(Listed entries)
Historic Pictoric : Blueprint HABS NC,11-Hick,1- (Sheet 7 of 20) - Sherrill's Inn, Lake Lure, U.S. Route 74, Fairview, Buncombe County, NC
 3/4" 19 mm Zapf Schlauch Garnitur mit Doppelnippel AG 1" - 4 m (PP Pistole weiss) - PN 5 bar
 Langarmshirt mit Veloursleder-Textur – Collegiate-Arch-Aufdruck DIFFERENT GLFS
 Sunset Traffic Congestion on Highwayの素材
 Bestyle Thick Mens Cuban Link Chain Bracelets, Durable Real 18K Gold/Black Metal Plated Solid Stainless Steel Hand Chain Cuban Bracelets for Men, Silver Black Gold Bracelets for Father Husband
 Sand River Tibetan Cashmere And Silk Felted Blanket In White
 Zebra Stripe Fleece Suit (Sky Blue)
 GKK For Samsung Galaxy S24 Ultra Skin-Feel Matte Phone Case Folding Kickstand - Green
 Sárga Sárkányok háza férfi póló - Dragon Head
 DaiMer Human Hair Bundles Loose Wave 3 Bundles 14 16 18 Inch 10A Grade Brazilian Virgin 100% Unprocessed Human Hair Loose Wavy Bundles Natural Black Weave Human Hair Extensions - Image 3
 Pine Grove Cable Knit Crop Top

(Action item) In full and without change, transcribe the entries.

(Response area)
Historic Pictoric : Blueprint HABS NC,11-Hick,1- (Sheet 7 of 20) - Sherrill's Inn, Lake Lure, U.S. Route 74, Fairview, Buncombe County, NC
 3/4" 19 mm Zapf Schlauch Garnitur mit Doppelnippel AG 1" - 4 m (PP Pistole weiss) - PN 5 bar
 Langarmshirt mit Veloursleder-Textur – Collegiate-Arch-Aufdruck DIFFERENT GLFS
 Sunset Traffic Congestion on Highwayの素材
 Bestyle Thick Mens Cuban Link Chain Bracelets, Durable Real 18K Gold/Black Metal Plated Solid Stainless Steel Hand Chain Cuban Bracelets for Men, Silver Black Gold Bracelets for Father Husband
 Sand River Tibetan Cashmere And Silk Felted Blanket In White
 Zebra Stripe Fleece Suit (Sky Blue)
 GKK For Samsung Galaxy S24 Ultra Skin-Feel Matte Phone Case Folding Kickstand - Green
 Sárga Sárkányok háza férfi póló - Dragon Head
 DaiMer Human Hair Bundles Loose Wave 3 Bundles 14 16 18 Inch 10A Grade Brazilian Virgin 100% Unprocessed Human Hair Loose Wavy Bundles Natural Black Weave Human Hair Extensions - Image 3
 Pine Grove Cable Knit Crop Top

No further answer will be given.